▶ WORK ITEM
Please set down only the lines below starting with the line with "Udany jubileusz" and going on through the line with "VW Polo 153.878", verbatim and without pictures.

▶ EXTRACTED MATERIAL
++++
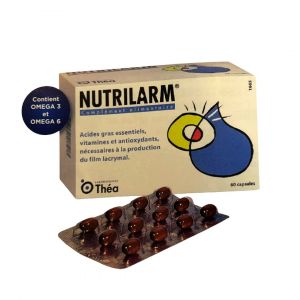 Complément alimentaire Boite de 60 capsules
++++
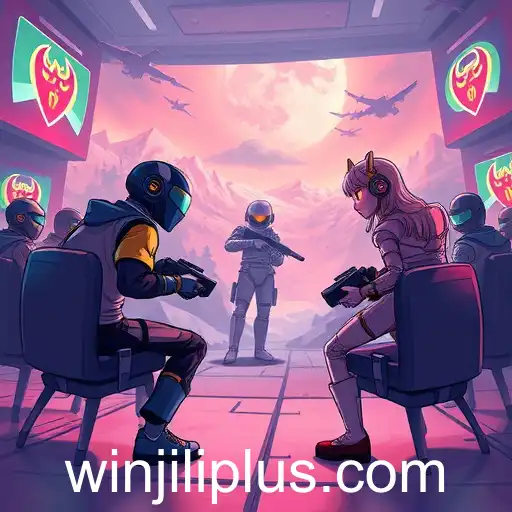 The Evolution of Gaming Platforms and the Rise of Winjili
++++
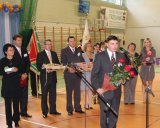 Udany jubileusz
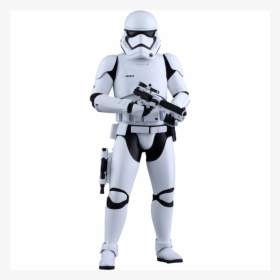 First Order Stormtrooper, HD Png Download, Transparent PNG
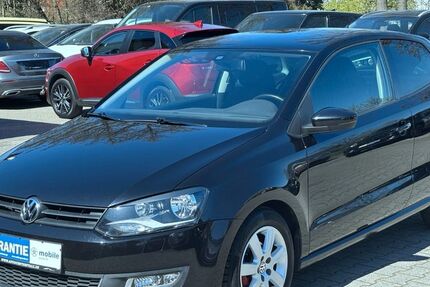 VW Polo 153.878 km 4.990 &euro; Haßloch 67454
++++
▶ EXERCISE ANSWER
 Udany jubileusz
 First Order Stormtrooper, HD Png Download, Transparent PNG
 VW Polo 153.878 km 4.990 &euro; Haßloch 67454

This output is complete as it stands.